A complicated life.....

Today has been a day when my mind has gone awol. Too many things in there jostling for attention. Too many thoughts. Too many. And they were running rampant without my permission. There are days like that and today has been one. Sigh. My life is complicated, and I wish it could be simple sometimes. Time for the "too hard basket" as my friend Linds says. (The other Linds in NZ.) Climb in and pull the lid back in place and curl up and suck your thumb time. Metaphorically, of course. It seems I am not superwoman after all. That is a pity. I could do with the superwoman bit at the moment.

So I was sitting in the garden trying to sift through the warring images up there in the head when a friend arrived, and asked if the kettle was on. Perfect. So we sat in the garden in the sun, on those nice new chairs, and chatted the afternoon away with tea and coffee at hand. Just what I needed to do. The timing could not have been better.
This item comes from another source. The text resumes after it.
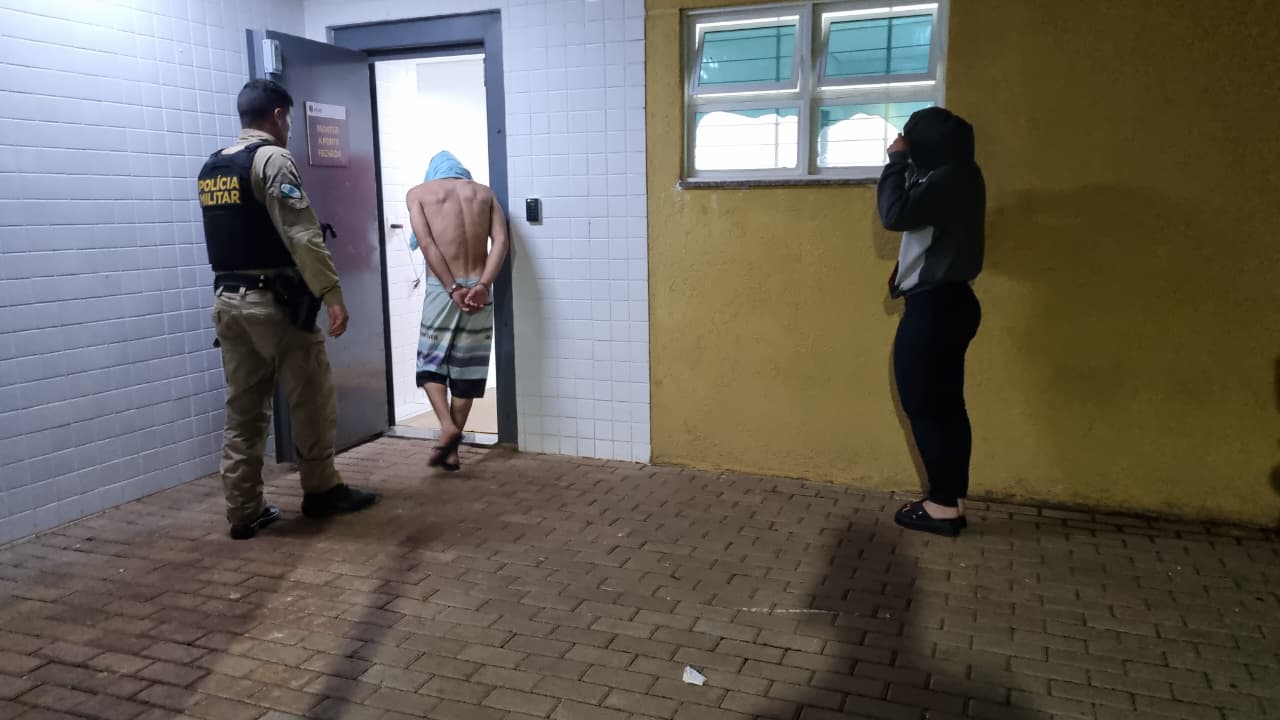 Imagem referente a Homem e mulher são detidos após roubo de celular em Cascavel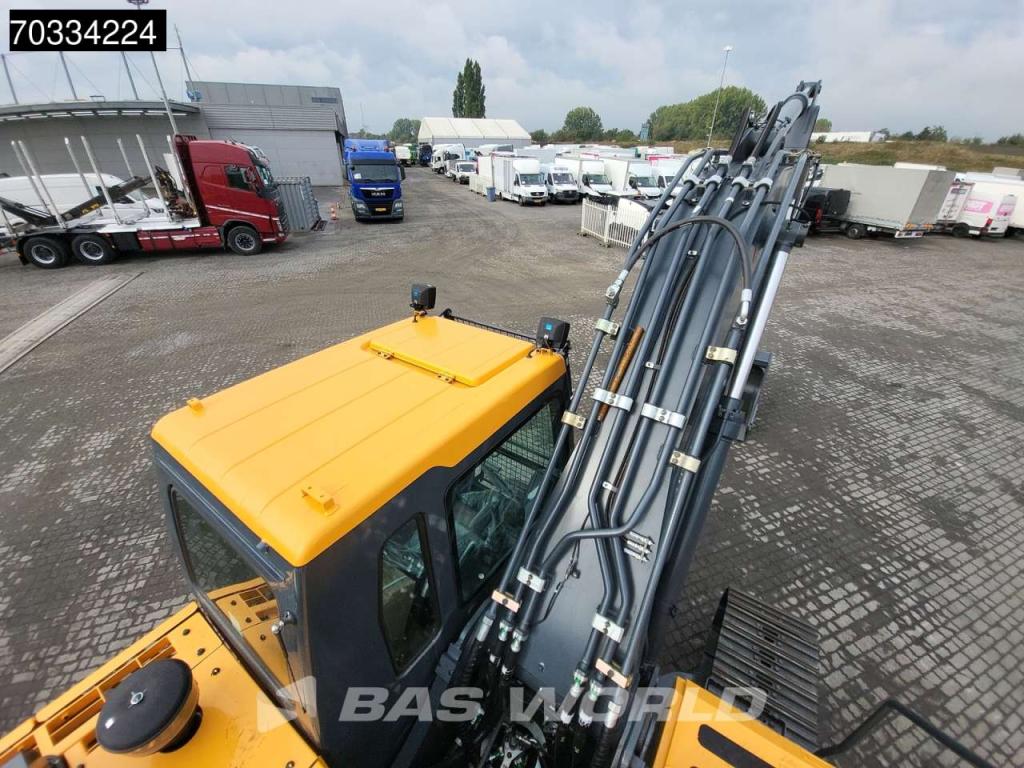 Hyundai R210 Photo 19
And there was laughter too.

Life is like a jigsaw puzzle, and sometimes it is so hard to see how the pieces can all fit together. Neatly. Correctly. Especially when the pieces are people, and lives and responsibilities. I have come to realise that I really can't do it all. I can't actually do much, if I am honest. Not now. The spirit is willing, but even the spirit gets weary at times. But then, maybe I am trying to make a picture I can see and want, instead of letting the pieces fall where they are meant to go according to a picture I am not privy to yet. Maybe I am trying to play God here. Trying to make life fit MY way. Bigger sigh. You just had a glimpse of the warring mind. Enough.

BUT.....

The sun has shone all day, and it has been warm and beautiful out there in the garden. Everything is springing to life, and the colours are so lovely. The squirrels are not lovely. They have started digging up all my pots and seedlings again, and I have tried to net most of the garden. The washing dried in the sun today, and it smells of the outdoors. Beautiful. No sign of the mouse/mice today. I have also crocheted enough stars to decorate the heavens. And there are chocolate biscuits in the house.

And the quilt is finished.


It is big. Queen-size. 5ft 6" bed size. The most important part is that David loves it. So that is good.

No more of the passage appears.